Errm, hang on, are you saying that if you have a task of classifying unseen images given a labelled training set you should get a stereo camera or video camera and create another problem?
Which you can solve?
Because the problem is silly>
What if I say : "I will give you $10m to solve it, and if you fail, I will kill this very kind old monkey?"
Object recognition doesn't only exist in the subspace of labelled 2D images. It tends to be derived from a 3D space, which is a whole extra orthogonal data source that the "NN all the things" crowd is fastidiously ignoring.
Why, I'm not sure, but I'm guessing because it is hard/inaccurate to do with just NNs and parameter/network architecture tweaking.
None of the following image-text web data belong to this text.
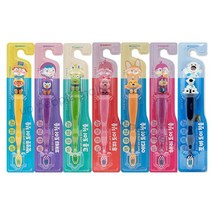 뽀로로 토이 유아칫솔세트 7P 혼합색상(매칭불가x 업피플몰), 에디 토이칫솔 7개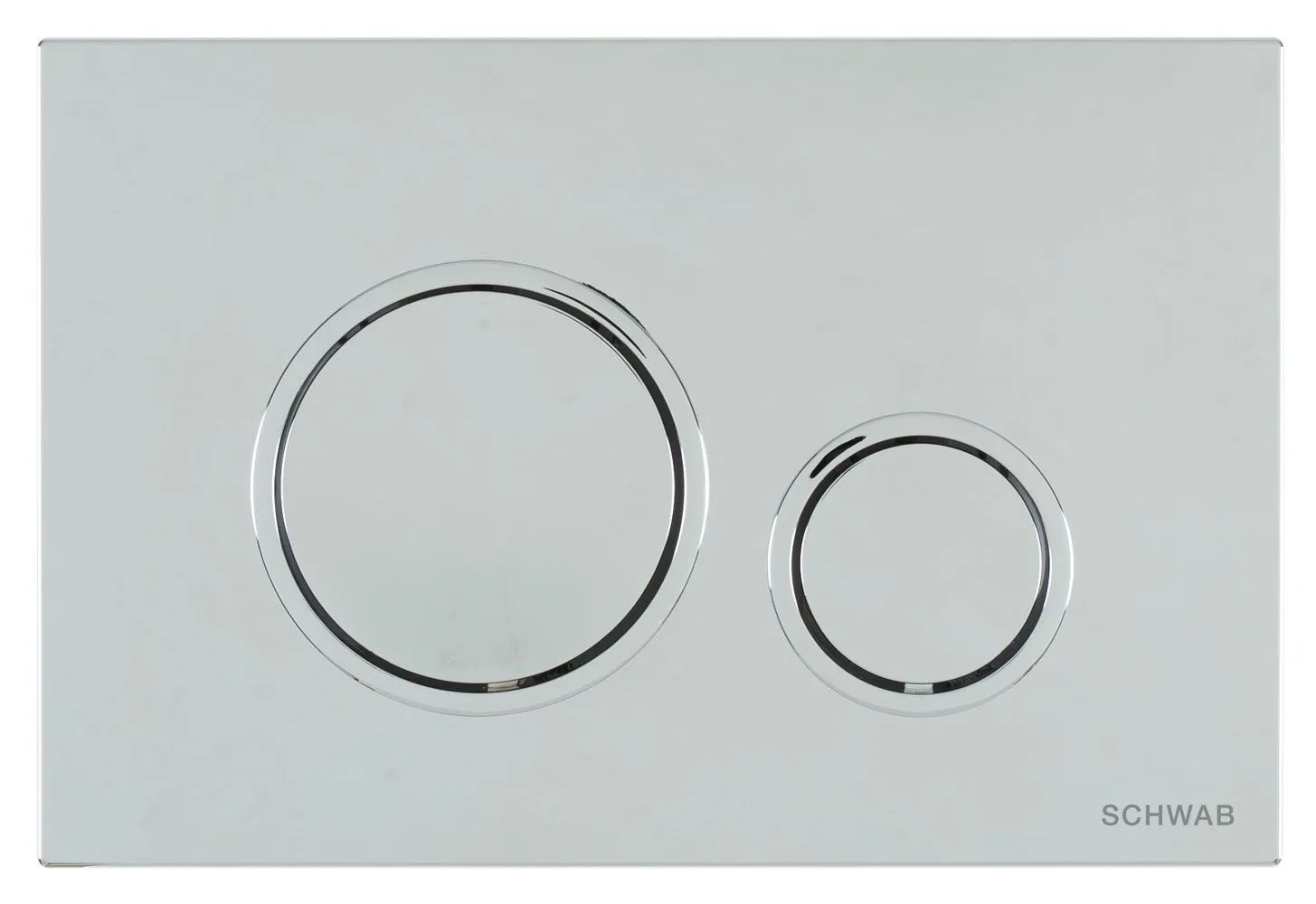 Set vas wc rimless suspendat Foglia Bristol cu rezervor incastrat Schwab si clapeta de actionare crom lucios, Schwab Vela [3]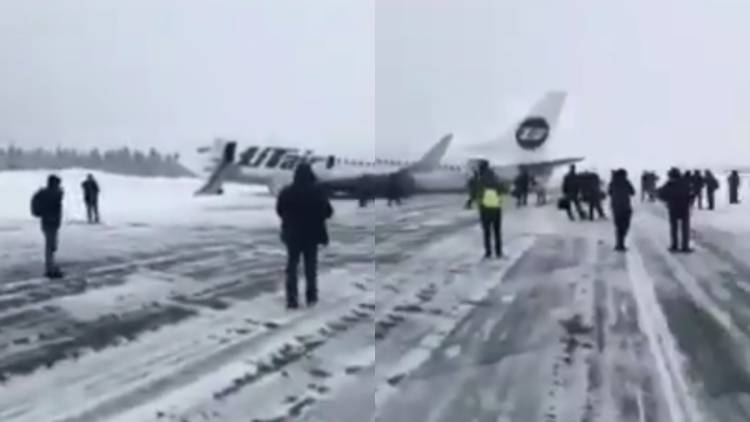 «Боинг-737» с 94 людьми на борту совершил жесткую посадку в Усинске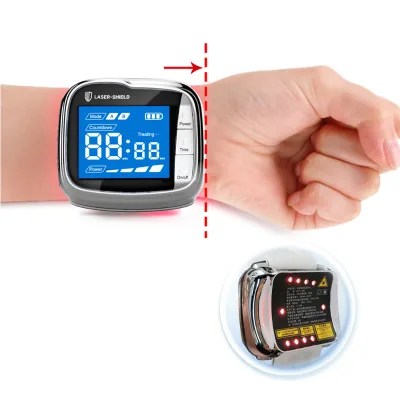 Good Effect Medical Laser Wrist Watch for Blood Purification Diabetes Cardiovascular Diseases Therapies Rhinitis Otitis Media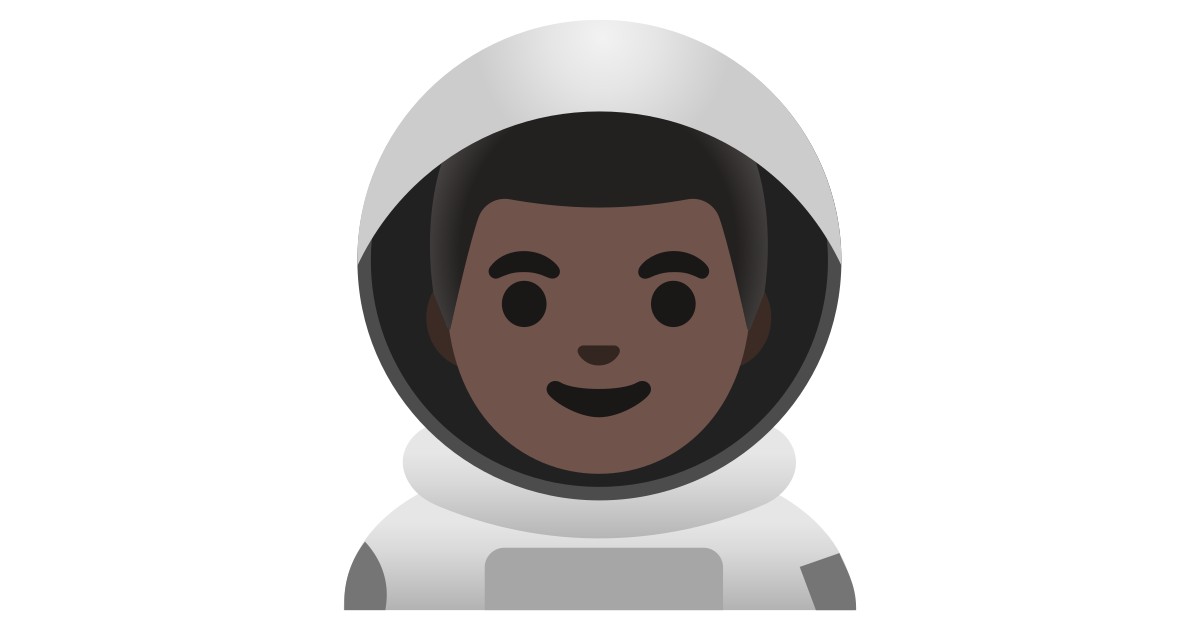 👨🏿‍🚀  Man Astronaut: Dark Skin Tone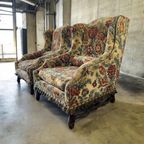 Set Van 2 Vintage Eenzitten / Clubzetels / Fauteuils thumbnail 2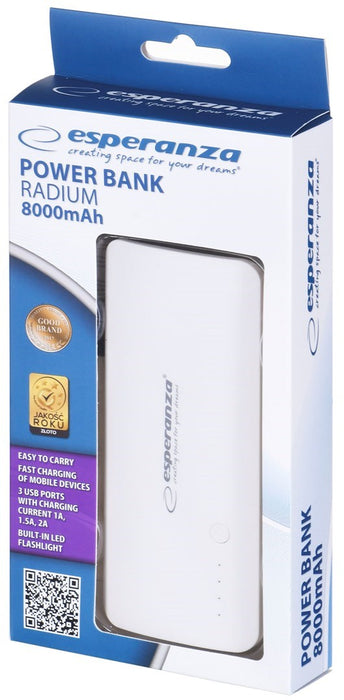 External battery Esperanza RADIUM 8000 MAH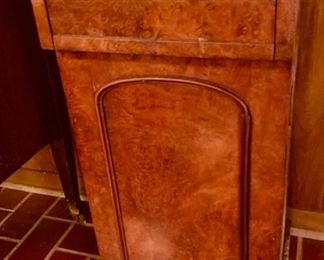 Burled Commode with Marble Top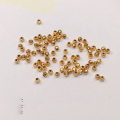 wholesale Gold-plated S925 silver flower bead spacer gasket semi-finished DIY jewelry accessories for crystal bracelets and necklaces-0-3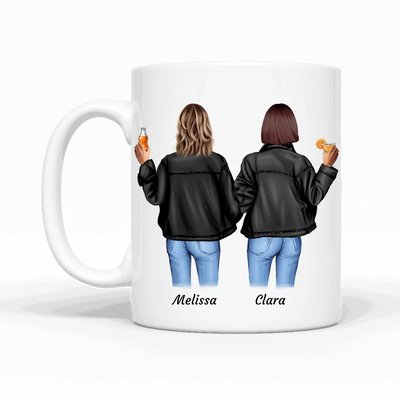 Drink Besties - Personalisierbare Tasse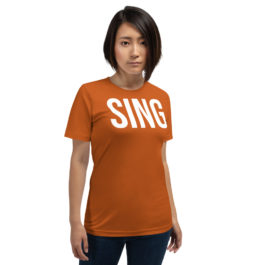 SING – Christian T-shirt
Possibly also because benchmarks with single mono images are much easier to make.
Just because it is hard with method A, and is harder to make benchmarks, doesn't mean method B isn't better.
Yes but am I missing something when I say that if the problem is to deal with labelled 2d images declaring that you should be working with 3d images or short video sequences doesn't help.
Sure, if you are building a Robot and I say "use this camera and a deep network" and you say "It'll work better with stereo" well... yes super do that!
But if we are working with mono images I don't understand how the observation helps?
> If you want to recognize all Coke cans in all fridges, for your real-world, consumer-ready Coke-fetching robot product?
If you're stuck with a mono dataset, post collection, then sure use NN and call it a day. But even if you have video you can do 3D reconstruction just from baseline movement. You won't know scale, so you can't differentiate between big coke cans and little coke cans, but at least you can rule out pictures of coke cans.